*Task prompt*.
Directions for the data below: repeat exactly the lines from the one with "Костюм для косплея" through the one with "UBERMANN - Maleta", both included, and omit all pictures.

*Data shown*.
------------------------------

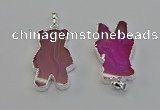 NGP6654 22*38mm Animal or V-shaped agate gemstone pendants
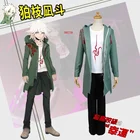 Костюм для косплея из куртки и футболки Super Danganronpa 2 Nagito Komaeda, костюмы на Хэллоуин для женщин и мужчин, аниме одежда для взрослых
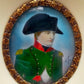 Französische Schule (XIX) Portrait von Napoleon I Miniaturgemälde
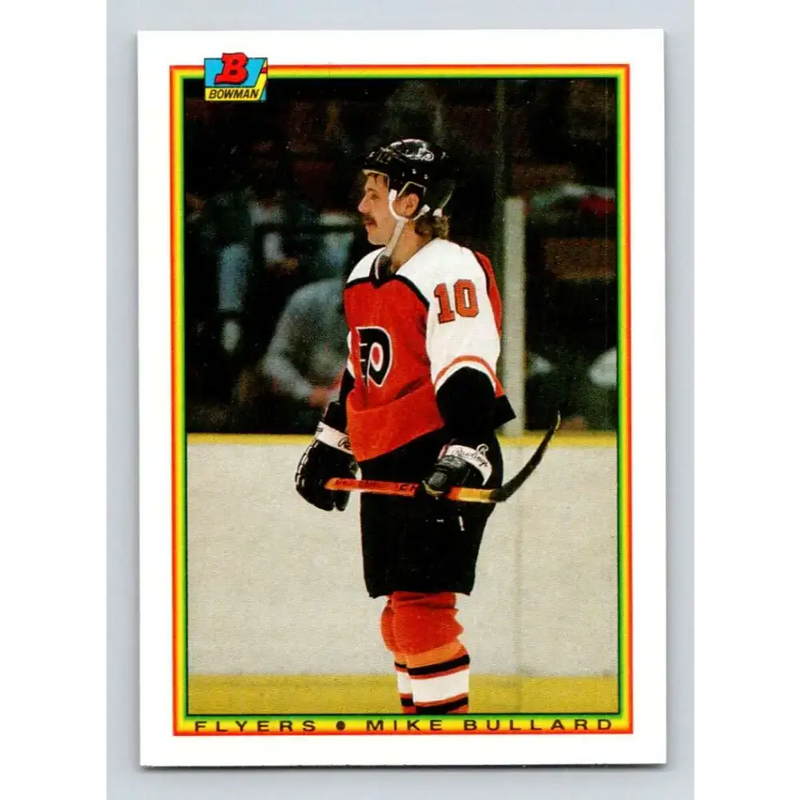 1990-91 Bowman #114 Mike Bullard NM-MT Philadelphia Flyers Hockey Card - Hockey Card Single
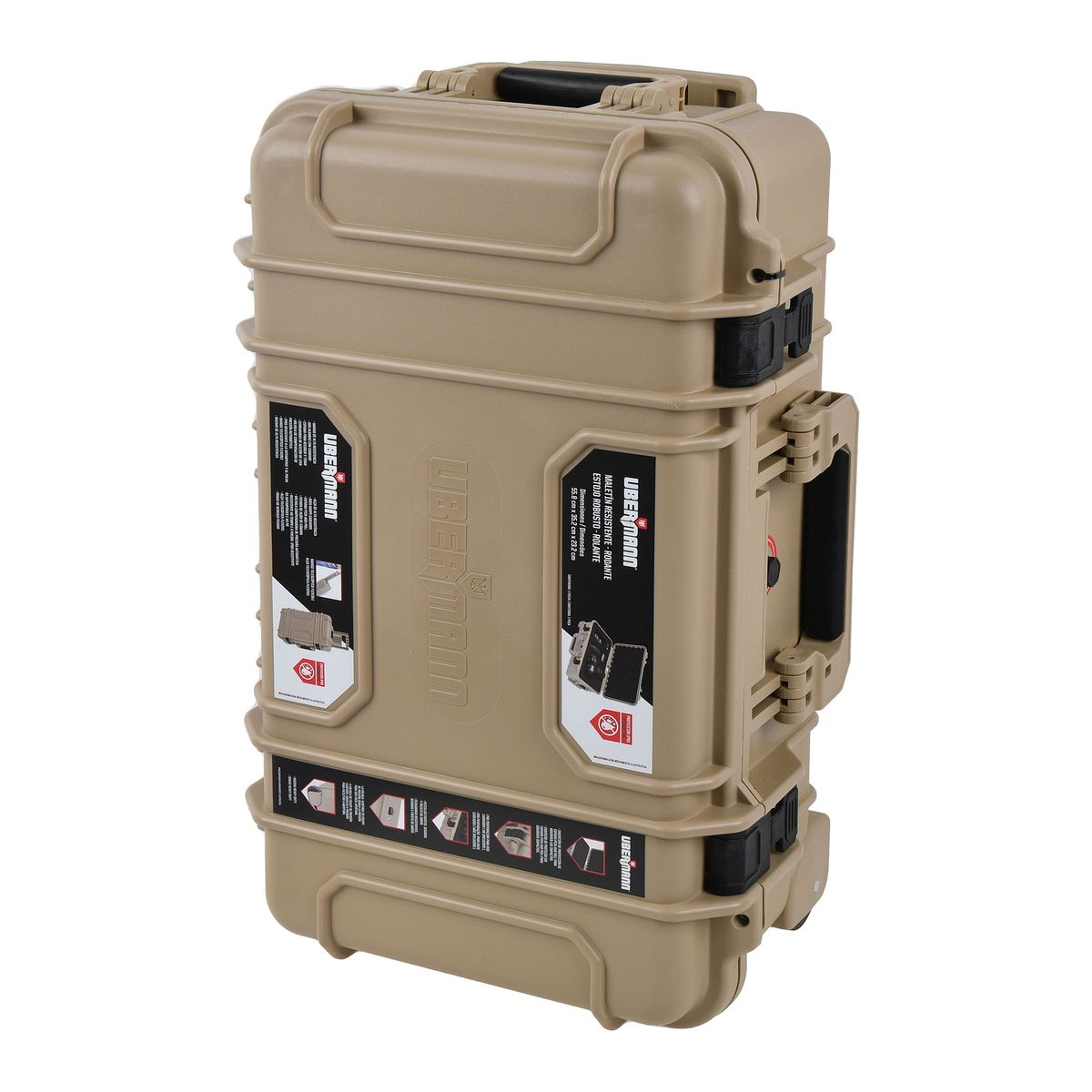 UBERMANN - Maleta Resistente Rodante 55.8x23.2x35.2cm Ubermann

------------------------------

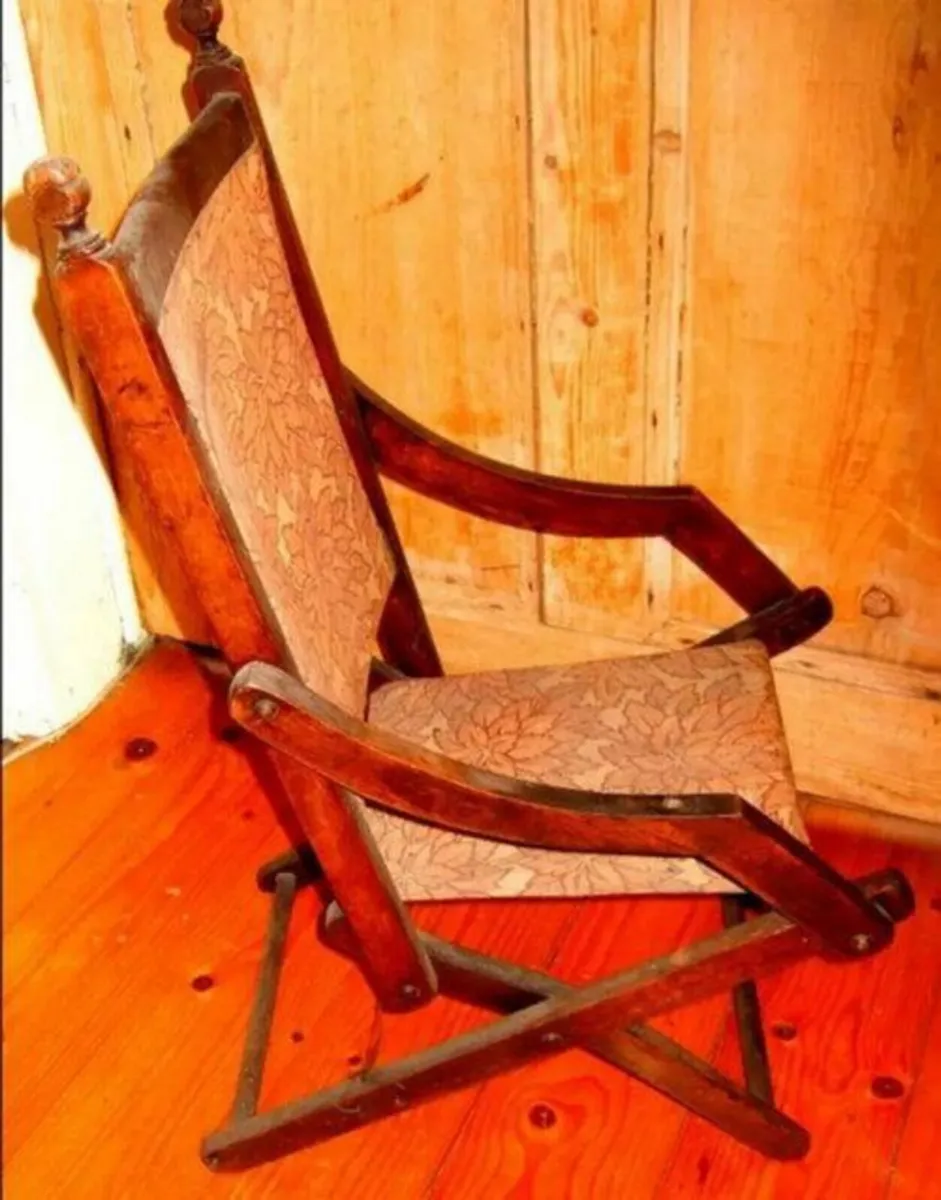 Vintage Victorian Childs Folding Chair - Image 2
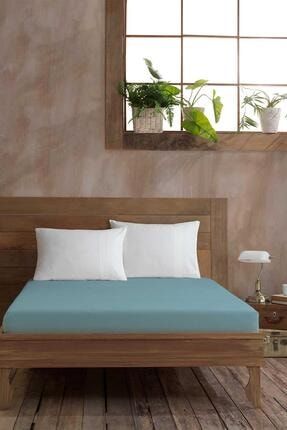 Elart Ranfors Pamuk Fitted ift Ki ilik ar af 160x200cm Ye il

------------------------------

*Exercise result*.
 Костюм для косплея из куртки и футболки Super Danganronpa 2 Nagito Komaeda, костюмы на Хэллоуин для женщин и мужчин, аниме одежда для взрослых
 Französische Schule (XIX) Portrait von Napoleon I Miniaturgemälde
 1990-91 Bowman #114 Mike Bullard NM-MT Philadelphia Flyers Hockey Card - Hockey Card Single
 UBERMANN - Maleta Resistente Rodante 55.8x23.2x35.2cm Ubermann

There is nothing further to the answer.